The Bluebox Labs Company experts have published information about security vulnerability on Android platform which allows hackers to get access into functions of gadgets and to personal information without user‘s knowledge.
However many users are in danger as vulnerability was corrected only in the last Android version, but in other versions it still exists.
After the Bluebox Labs Company found vulnerability, in English-speaking releases it was called "super vulnerability of new type", it is likely because of possibility to extend extremely malicious software.
BlueBox experts called vulnerability Fake ID, because it allows malware apps to pass fake credentials to Android, which fails to properly verify the app's cryptographic signature. Moreover, Android grants the rogue app all of the access permissions of whatever legitimate app the malware claims to be.
Jeff Forristal, CTO of Bluebox Security says that the problem is the certificates verification process.
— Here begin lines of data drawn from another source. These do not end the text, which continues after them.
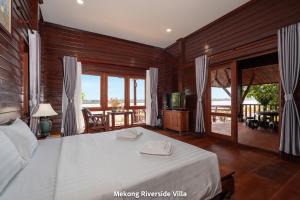 a bedroom with a large bed and a balcony at Mekong Riverside Villa in Vientiane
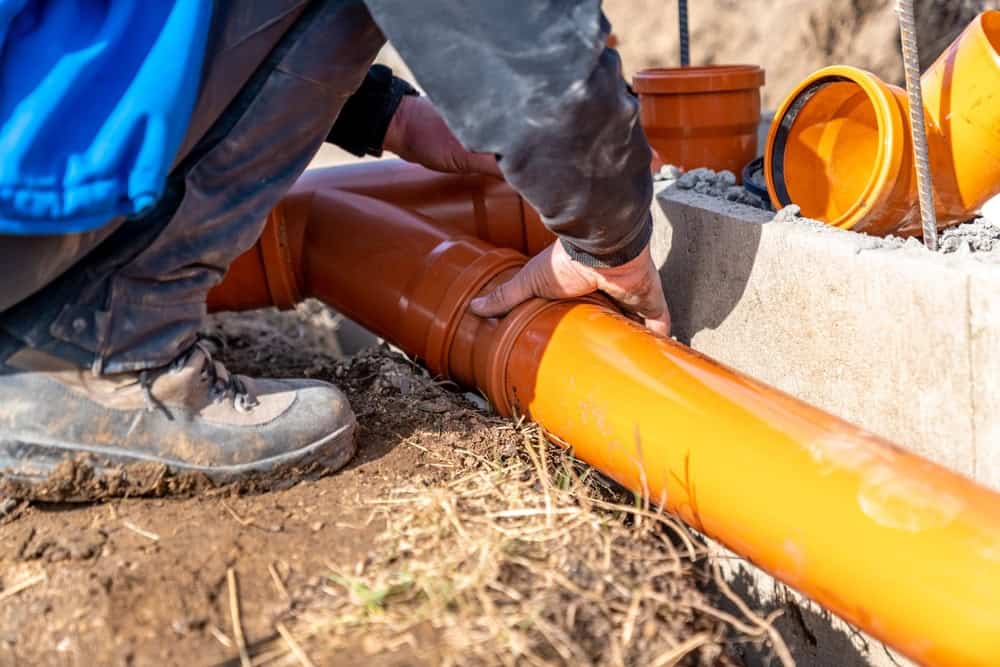 A person wearing a blue jacket and dark pants installs an orange drainage pipe into a fitting at a construction site. The ground is muddy, and various pipe components are scattered around.
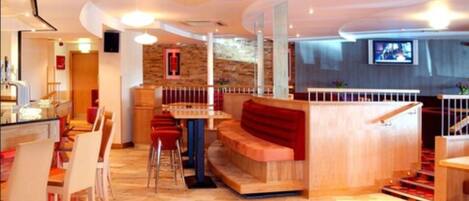A modern hotel lobby with a wooden reception desk, a seating area with red benches, and a staircase with red carpet.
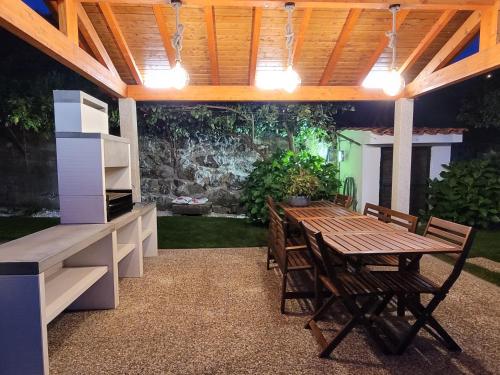 um pátio exterior com uma mesa de madeira e cadeiras em Casa de Ladrido em Felgueiras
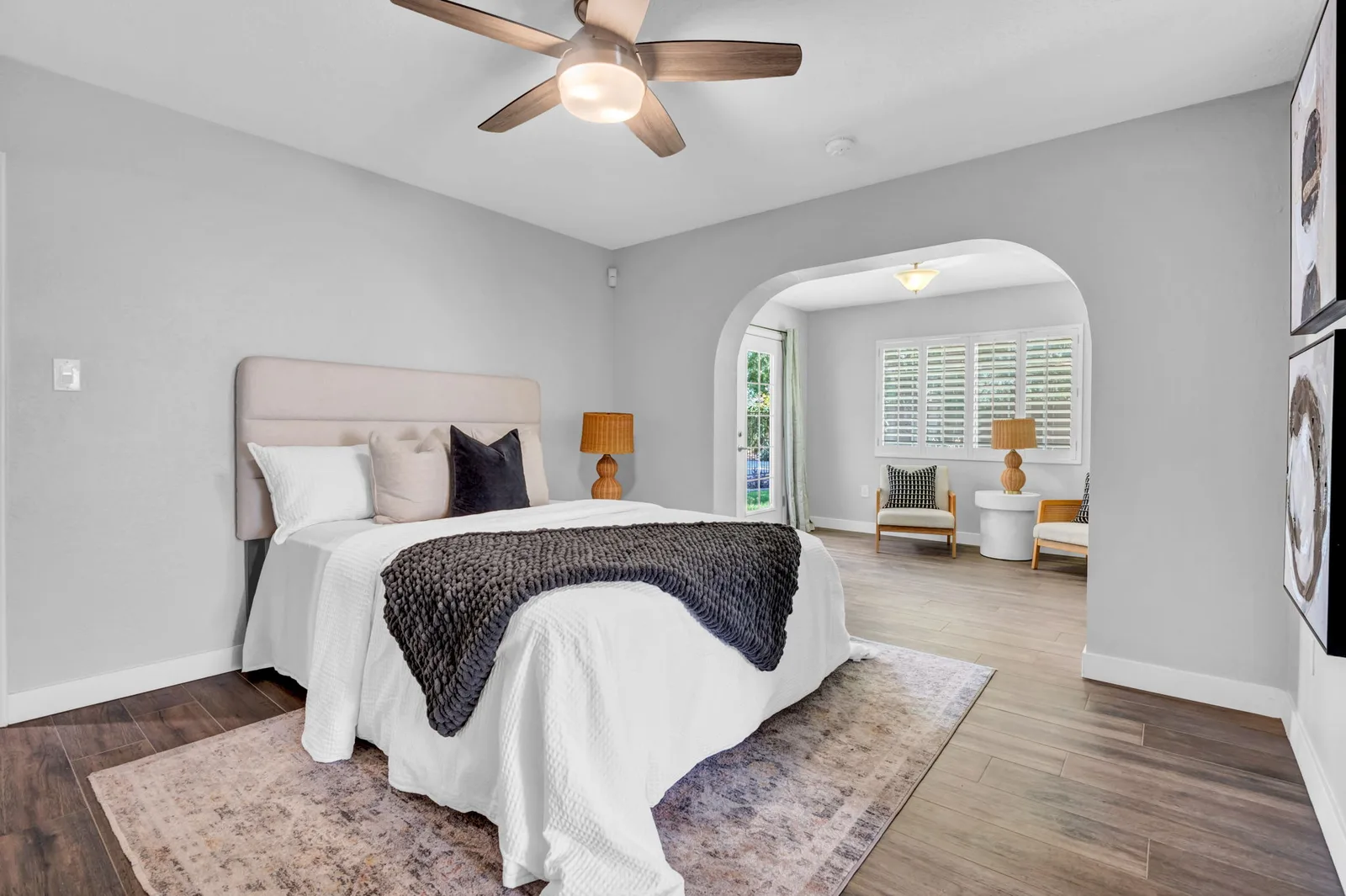 Primary bedroom with a soft throw, ceiling fan and arched doorway.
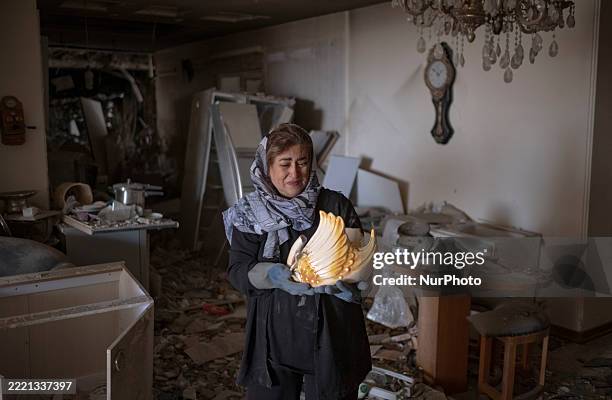 An Iranian woman mourns while holding a broken sculpture that is a memory from her father, as she stands in her apartment, which is destroyed in...
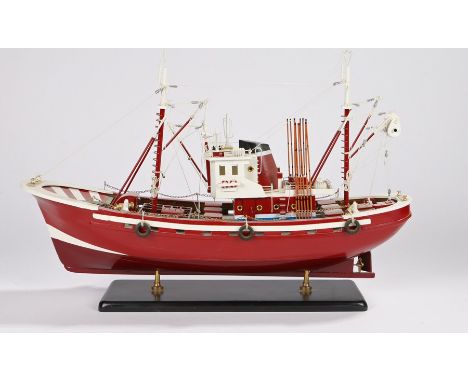 Model depicting a fishing trawler with red hull, on an ebonised plinth, 58cm long, 39cm high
As an example Forristal desribed such situation: if the thief comes to guard and shows the false admission, the security passes him to the organization, without having phoned to service which writes out admissions.
Forristal declares that the biggest operating system problem is that Android doesn't check the affiliated digital signature which is connected with the parental digital signature, he simply trusts this information.
For example, an attacker can create a new digital identity certificate, forge a claim that the identity certificate was issued by Adobe Systems, and sign an application with a certificate chain that contains a malicious identity certificate and the Adobe Systems certificate. Thus the attacker is capable to introduce a malicious code in system, being covered with Flash plug-in.
Similar vulnerability was found in Android not for the first time. In July, 2014 Bluebox experts found a bug which allowed hackers to alter the adjusting APK file code and to turn any original application into trojan in OS. According to experts, such mistake is on 900 million gadgets.